# [DATA EXTRACT]
*-*-*

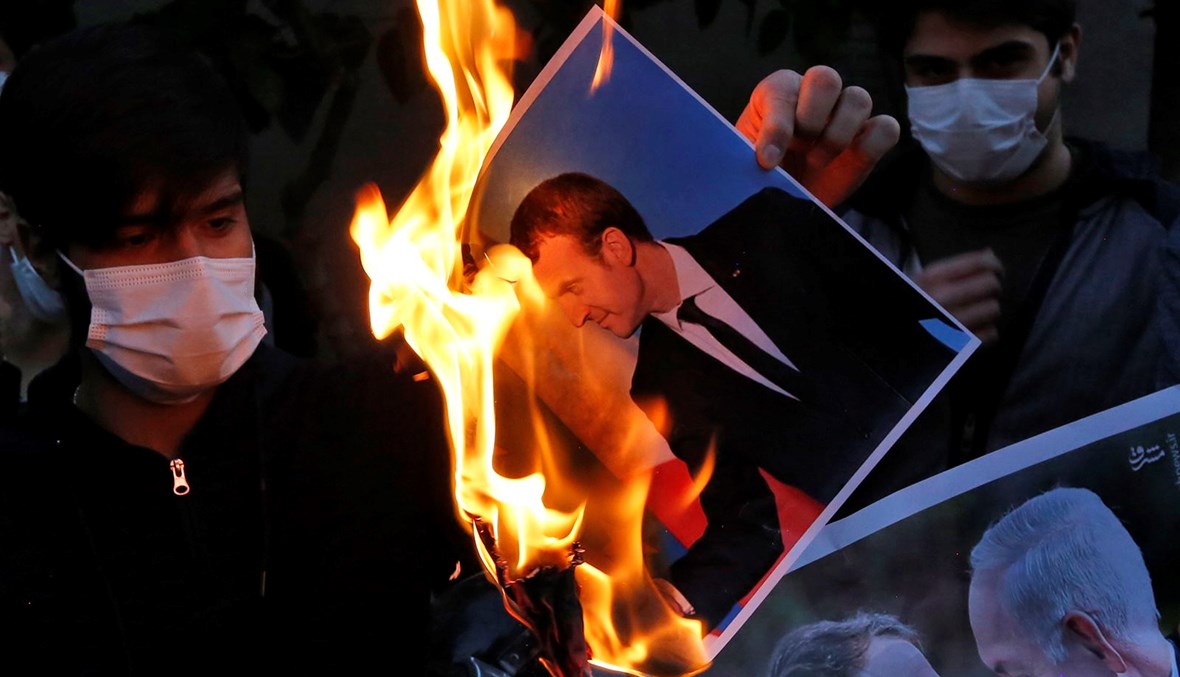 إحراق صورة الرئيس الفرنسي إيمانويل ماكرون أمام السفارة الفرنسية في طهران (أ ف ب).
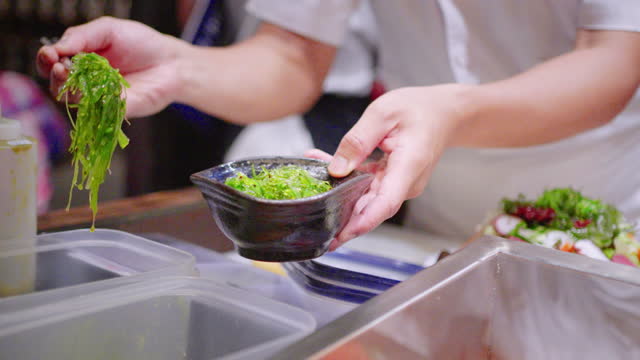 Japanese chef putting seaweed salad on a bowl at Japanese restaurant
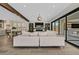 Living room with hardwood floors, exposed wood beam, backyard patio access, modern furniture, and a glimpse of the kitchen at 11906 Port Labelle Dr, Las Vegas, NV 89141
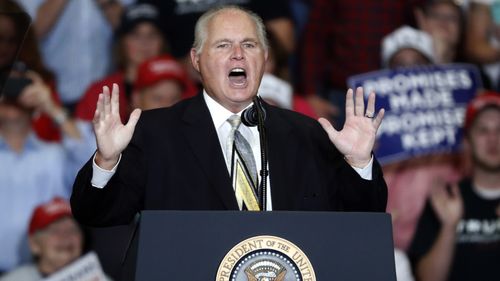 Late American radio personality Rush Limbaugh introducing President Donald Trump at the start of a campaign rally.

*-*-*

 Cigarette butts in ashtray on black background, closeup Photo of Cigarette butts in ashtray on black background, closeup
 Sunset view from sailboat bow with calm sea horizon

*-*-*

# [WORK INSTRUCTION]
Set down exactly the lines above, from the line containing "إحراق صورة الرئيس" through the line containing "Living room with". Skip the pictures.

# [SOLUTION TO THE PROBLEM]
 إحراق صورة الرئيس الفرنسي إيمانويل ماكرون أمام السفارة الفرنسية في طهران (أ ف ب).
 Japanese chef putting seaweed salad on a bowl at Japanese restaurant
 Living room with hardwood floors, exposed wood beam, backyard patio access, modern furniture, and a glimpse of the kitchen at 11906 Port Labelle Dr, Las Vegas, NV 89141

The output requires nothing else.